Os Bancos são a própria economia, tudo o resto tem um peso residual. Querendo fazer alguma coisa e não tendo moeda própria, resta um pedido de ajuda à “troika” e desta vez surge uma solução que parece ter apanhado a maioria de surpresa. O dinheiro aparece, mas só para resolver parte do problema, o resto tem que ser assumido pelos depositantes, em forma de imposto para não entrar em conflito com os sistemas de protecção que existem.

O que se passou a discutir então no caso de Chipre não é uma questão económica ou financeira mas sim se se deveria abrir um precedente com uma solução deste género. É que o risco real deste exemplo é que as pessoas abram os olhos e comecem a perceber a extensão do problema do sistema financeiro na Europa.

Vejamos: é caso virgem um imposto sobre o património? Em Portugal temos 3 impostos  deste tipo, o IMI, o IMT e o IS (este também sobre a despesa), quase todos os países aplicam impostos deste tipo e nunca tinha ouvido o tipo de apreciações que agora se fazem quanto ao imposto a cobrar sobre os montantes depositados nos bancos em Chipre. Fazia-me sim confusão, por uma questão de equidade, que todos os depósitos em todos os bancos ficassem sujeitos ao mesmo imposto. Então quem tivesse o dinheiro num Banco que não tenha problema nenhum estaria sujeito ao mesmo imposto que recai sobre os depósitos dos bancos falidos? Dito de outro modo, quem tivesse dinheiro no Laiki Bank, em especial depois de ver as contas referentes a 2011, deveria esperar que o seu dinheiro não estivesse em risco? Os cipriotas atentos que viram o buraco que esse Banco estava a abrir e que resolveram mudar o seu dinheiro para um Banco mais seguro, que naturalmente lhe pagava juros menores, teriam agora que perder tanto como os outros?

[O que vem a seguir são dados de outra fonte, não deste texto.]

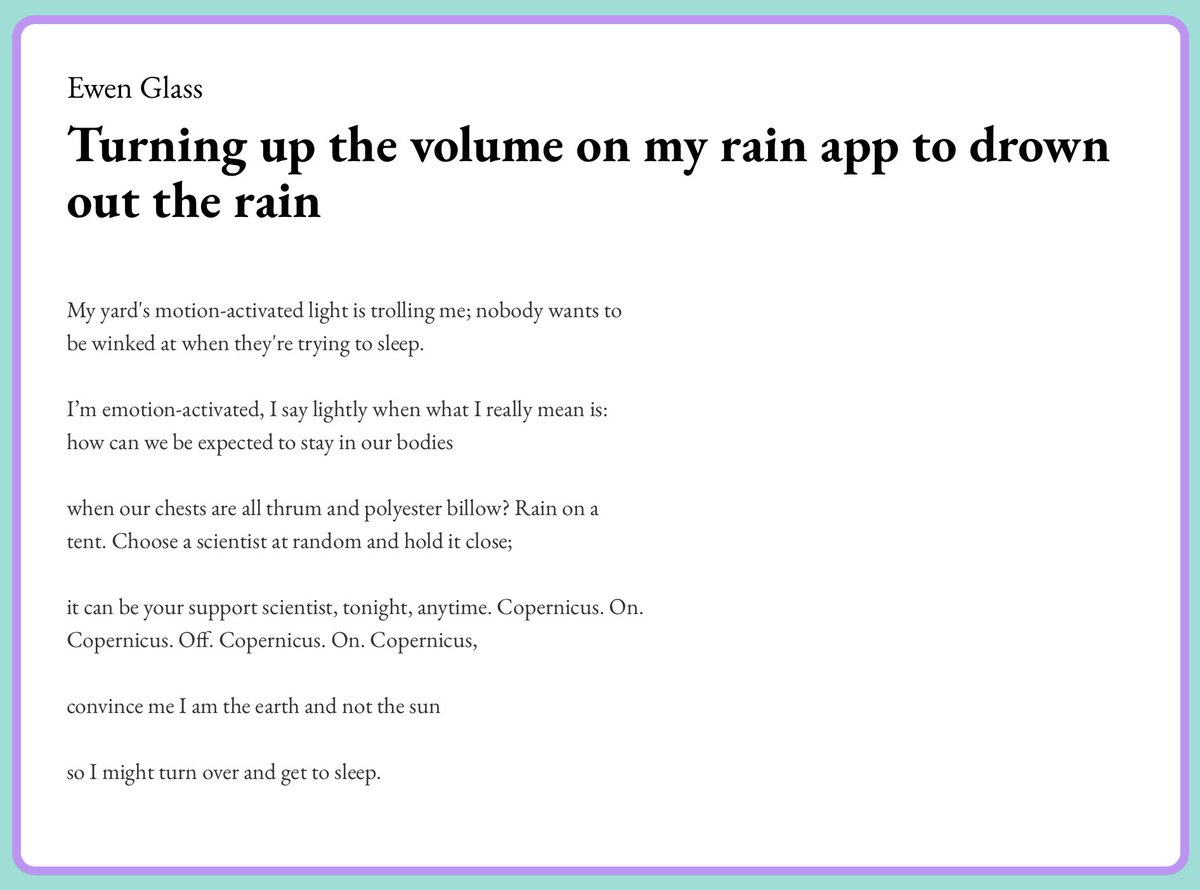 ewenglass's tweet image. Thanks so much to @zreayellers for publishing this one; @dishsoapquart has something brilliant up every week!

Não me choca chamarem roubo ao que estão a fazer com os depositantes, poderemos pensar isso da generalidade dos impostos, em especial no actual momento económico e social em que os impostos são genericamente cobrados para fazer face a uma montanha de dívidas que se constituíram e não para o bem-estar presente e futuro das populações.

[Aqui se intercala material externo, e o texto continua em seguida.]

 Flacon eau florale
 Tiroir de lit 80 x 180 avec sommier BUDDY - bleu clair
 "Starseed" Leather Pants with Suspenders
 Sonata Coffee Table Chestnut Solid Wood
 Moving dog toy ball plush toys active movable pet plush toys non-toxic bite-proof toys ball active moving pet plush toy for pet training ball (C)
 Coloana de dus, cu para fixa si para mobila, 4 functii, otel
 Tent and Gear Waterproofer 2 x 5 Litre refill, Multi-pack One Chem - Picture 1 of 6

Chipre é uma migalha na economia da Europa. Deixar falir, como por certo acontecerá, é a mesma coisa que termos fechado a porta ao nosso Banco Privado Português - faliu faliu, quem arriscou colocar lá o dinheiro é que tinha obrigação de ter visto. Não me atirem areia para os olhos sobre o risco sistémico, ai agora vem tudo atrás, vai haver uma corrida generalizada aos depósitos em toda a Europa, nenhum depósito está seguro, não tarda vêm soluções semelhantes para Portugal, para Espanha e para todos os países com problemas financeiras. Até é natural que isto tudo venha a acontecer... mas não é por Chipre ter falido, é por causa da Europa que também está falida.

A grande questão, que evidentemente nos deve atormentar é: e agora, essa boa gente da “troika” vai replicar a receita de Chipre? Bom, da segurança da propriedade privada e do modelo de democracia e solidariedade na Europa acho que estamos conversados. Assim é mais simples e a pergunta passa a ser: e haverá necessidade noutros países de coisas semelhantes?

Sabem as peças de dominó, que se põem todas de pé e quase encostadas? É como me parecem estar os mercados financeiros da Europa, está tudo atento quando cairá a primeira pedra e neste caso se Chipre será essa pedra. Já sabemos o discurso dos políticos: 'Não, isso é um caso isolado, com características muito especiais, não acontecerá em mais país nenhum'. Não foi isso que já disseram quando se colocou o problema na Grécia, e na Irlanda e em Portugal? Que diferença há agora?

A generalidade dos bancos europeus precisariam de um aumento de capital. Não estou nem a falar dos rácios mínimos que a supervisão exige, estou a falar de ter uma estrutura de capital efectivamente capaz de suportar os riscos a que estão sujeitos. Mas quem é que no seu perfeito juízo vai investir nos bancos agora?... Pois, nem os países o querem fazer, aliás, não querem e também não podem, é que nem têm dinheiro nem têm os instrumentos de política monetária a que em tempos estavam habituados.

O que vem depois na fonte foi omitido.